(Web page caption snippets)
◇ ◇ ◇ ◇ ◇ ◇ ◇
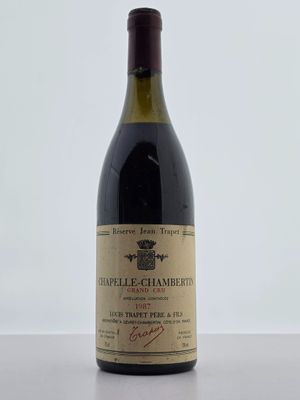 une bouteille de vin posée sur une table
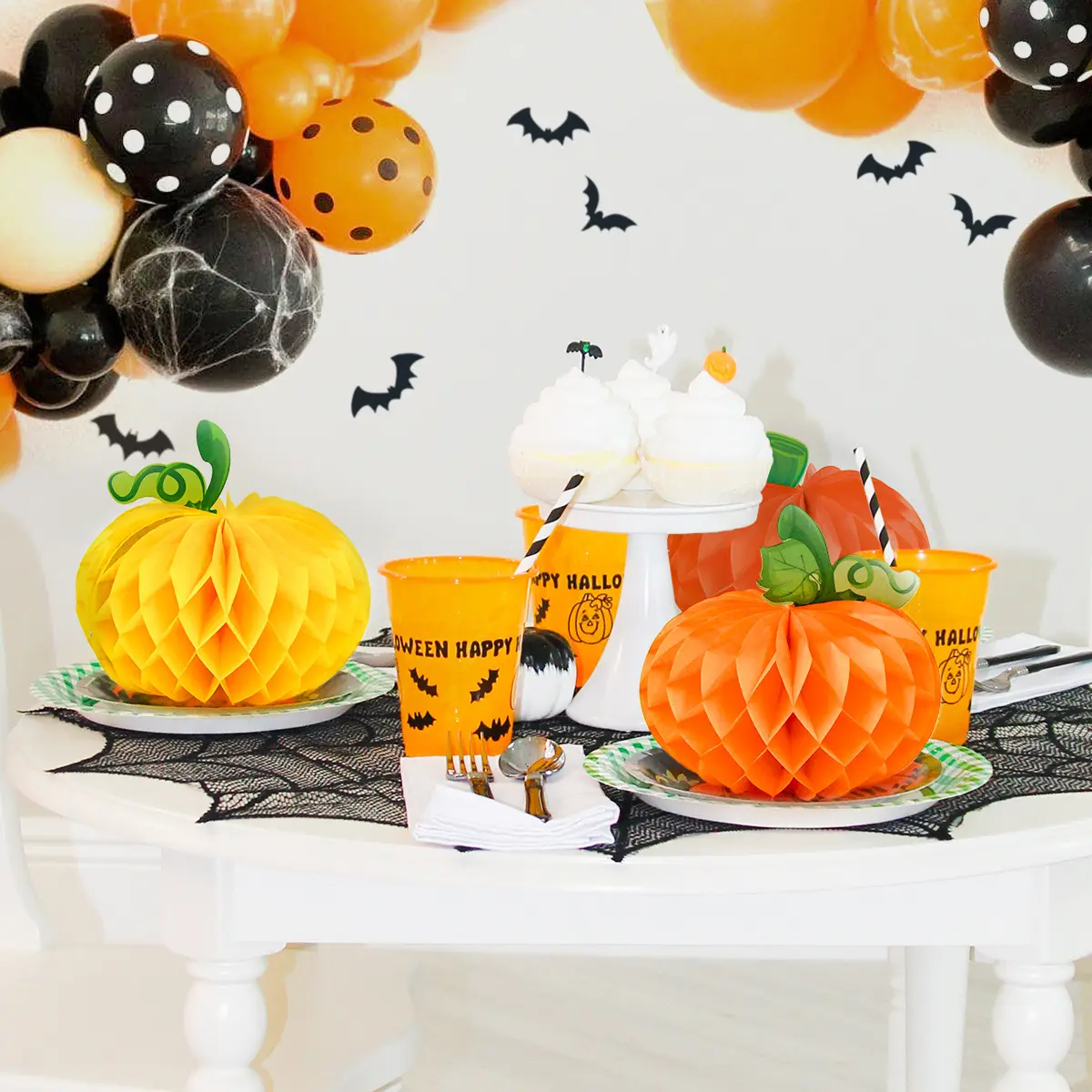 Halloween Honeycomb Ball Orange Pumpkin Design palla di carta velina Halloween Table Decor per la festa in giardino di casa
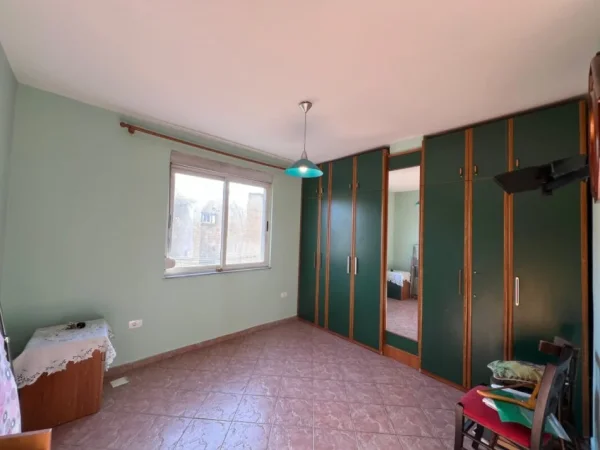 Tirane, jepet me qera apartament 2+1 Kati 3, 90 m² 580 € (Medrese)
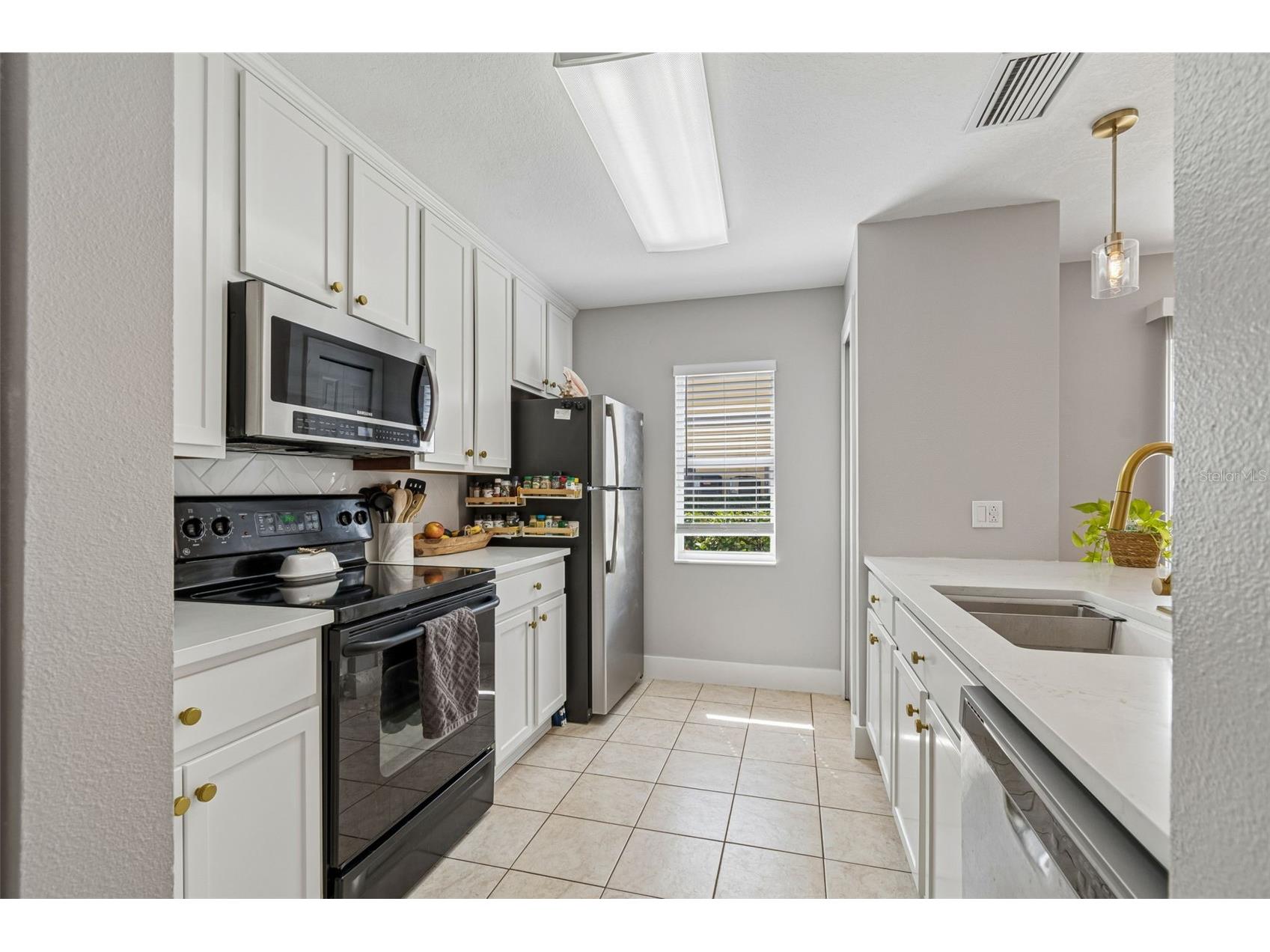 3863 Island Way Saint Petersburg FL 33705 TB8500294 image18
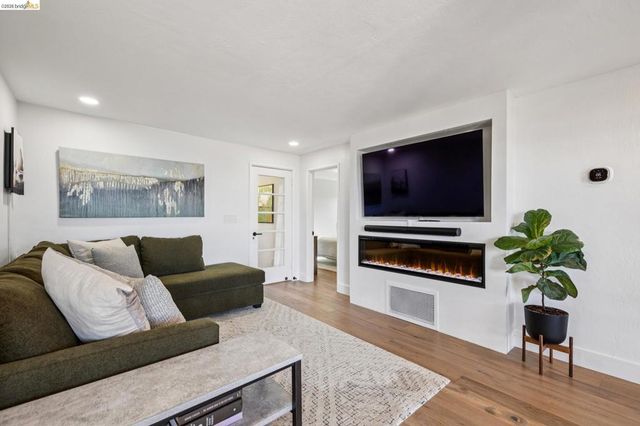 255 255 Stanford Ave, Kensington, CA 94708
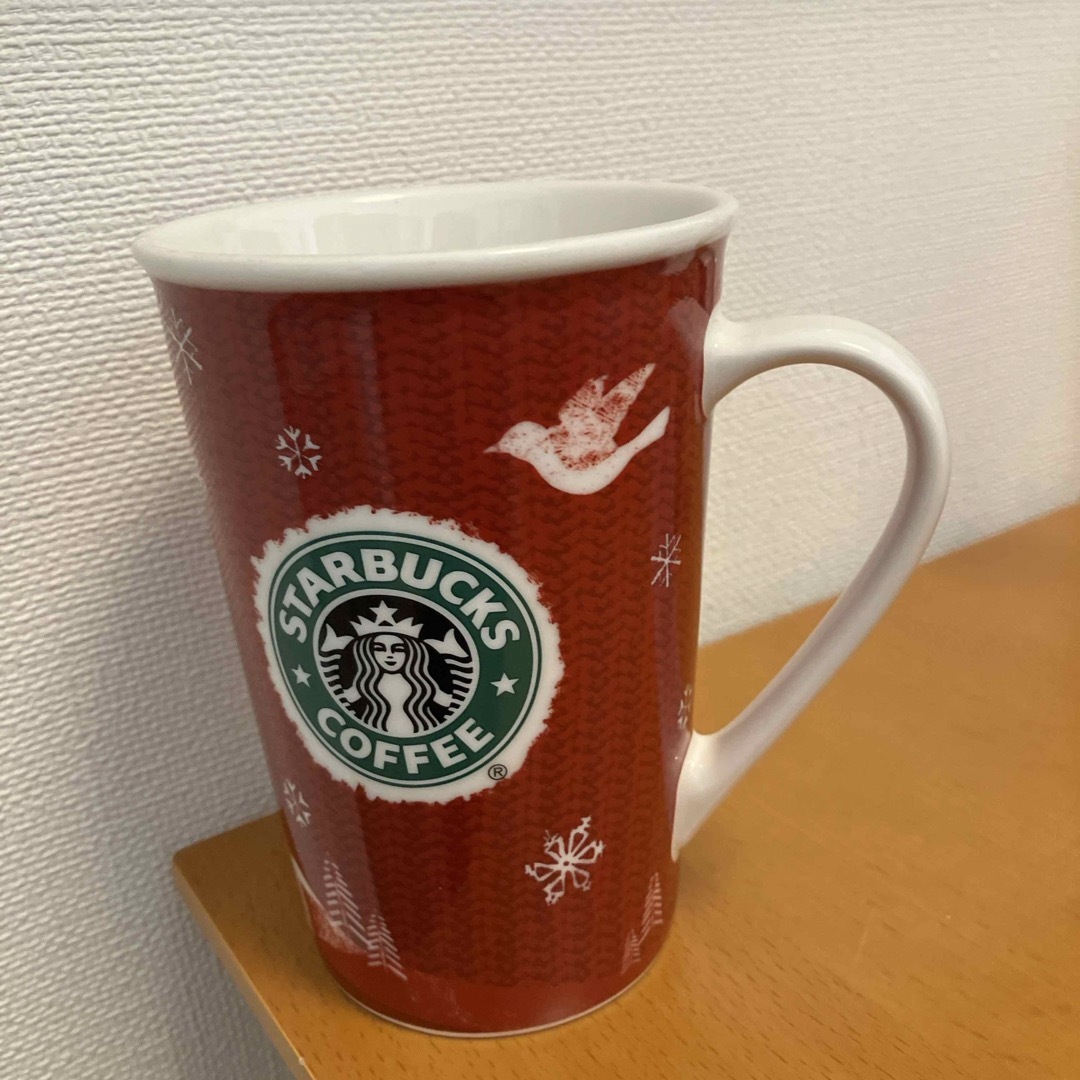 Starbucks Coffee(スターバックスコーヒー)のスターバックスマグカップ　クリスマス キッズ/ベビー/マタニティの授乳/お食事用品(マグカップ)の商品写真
◇ ◇ ◇ ◇ ◇ ◇ ◇
◆ PROMPT
Copy every record exactly, but skip the pictures.

◆ TASK SOLUTION
 une bouteille de vin posée sur une table
 Halloween Honeycomb Ball Orange Pumpkin Design palla di carta velina Halloween Table Decor per la festa in giardino di casa
 Tirane, jepet me qera apartament 2+1 Kati 3, 90 m² 580 € (Medrese)
 3863 Island Way Saint Petersburg FL 33705 TB8500294 image18
 255 255 Stanford Ave, Kensington, CA 94708
 Starbucks Coffee(スターバックスコーヒー)のスターバックスマグカップ　クリスマス キッズ/ベビー/マタニティの授乳/お食事用品(マグカップ)の商品写真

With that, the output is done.